Quando qualcuno ha provato a dire che il virus ora è più debole, l'Organizzazione Mondiale della Sanità (OMS) e buona parte del mondo scientifico lo ha smentito. Eppure (anche in altre nazioni), i dati indicano che le persone in cure intense o intubate sono poche rispetto a primavera. Perché non viene mai fatta chiarezza su questo aspetto?
«Non ho visto dati convincenti che indichino un calo dell’aggressività del virus. Prima che le persone abbiano bisogno di cure intense, trascorrono spesso settimane».
D’accordo, ma in Ticino, ad esempio, c’è un solo ospedalizzato al momento. Sembra quasi che si voglia tenere a bada la popolazione per paura di quello che potrebbe accadere nell’annunciare una minore incidenza del virus.
«L’età media dei nuovi casi è più bassa. E così anche la mortalità risulta minore. Inizialmente, inoltre, si faceva ricorso ai tamponi solo nei casi gravi. Oggi sono facilmente accessibili, individuando anche i casi con pochi sintomi».
Tutto il mondo scientifico sta lavorando per un vaccino. Lei cosa ne pensa?
«I criteri di qualità, di efficacia e di sicurezza per un nuovo vaccino, adatto per le persone a rischio o forse anche per la popolazione generale, sono difficili da raggiungere in tempi brevi.
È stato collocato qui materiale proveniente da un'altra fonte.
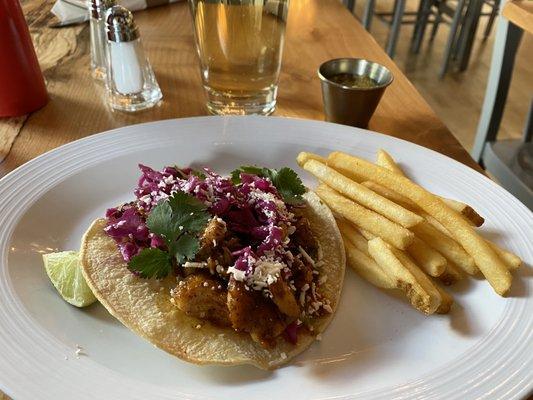 Fish taco and Cider with some fries I stole off of another persons plate lol.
Nonostante i progressi scientifici, resto scettico sulla possibilità di averlo entro fine anno, forse non lo avremo neanche nel 2021».
Avrà senso questo inverno vaccinarsi per la normale influenza?
«Sì. I medici di famiglia e i pronto soccorso avranno a che fare con casi di Covid-19 mischiati con casi di virus respiratori invernali come l’influenza A e B. Vogliamo ridurre al massimo questi casi».
Se c'è chi dice che il Covid è più debole, c'è anche chi fa notare che invece in alcune parti del mondo (soprattutto nei Paesi a sud) è devastante. Perché?
«I confronti tra Paesi diversi sono difficili. Tanti fattori variano, come l’applicazione di misure preventive, l’affidabilità della raccolta dei dati, la disponibilità e l’utilizzo dei tamponi, la qualità dei sistemi sanitari e, come spesso citato, gli effetti climatici. Da noi, l’arrivo della stagione fredda aumenterà il rischio di contagio».
La sensazione, da ticinesi, è che Berna si sia mossa solo quando il Covid ha iniziato a toccare veramente anche i cantoni della Svizzera tedesca...
«In Ticino vedevamo quanto stava accadendo nella vicina Italia. I miei colleghi oltre Gottardo inizialmente non credevano alle testimonianze italiane e penso che anche l’Ufficio federale della sanità sottostimasse questa pandemia. La visita del Consigliere federale Alain Berset, accompagnato dal dottor Daniel Koch, a Roma il 25 di febbraio, ha rappresentato una svolta. Tuttavia, ritengo che si sia perso ancora troppo tempo successivamente, visto che le prime misure rigorose sono subentrate il 18 marzo».